# Try it:
Each line from the one containing "threadbare denim corps shirt" to the last line of the listing below must be reproduced exactly, and nothing more.

# Supplied data:
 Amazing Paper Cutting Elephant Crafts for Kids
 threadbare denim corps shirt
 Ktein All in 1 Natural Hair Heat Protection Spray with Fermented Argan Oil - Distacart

# Exercise result:
 threadbare denim corps shirt
 Ktein All in 1 Natural Hair Heat Protection Spray with Fermented Argan Oil - Distacart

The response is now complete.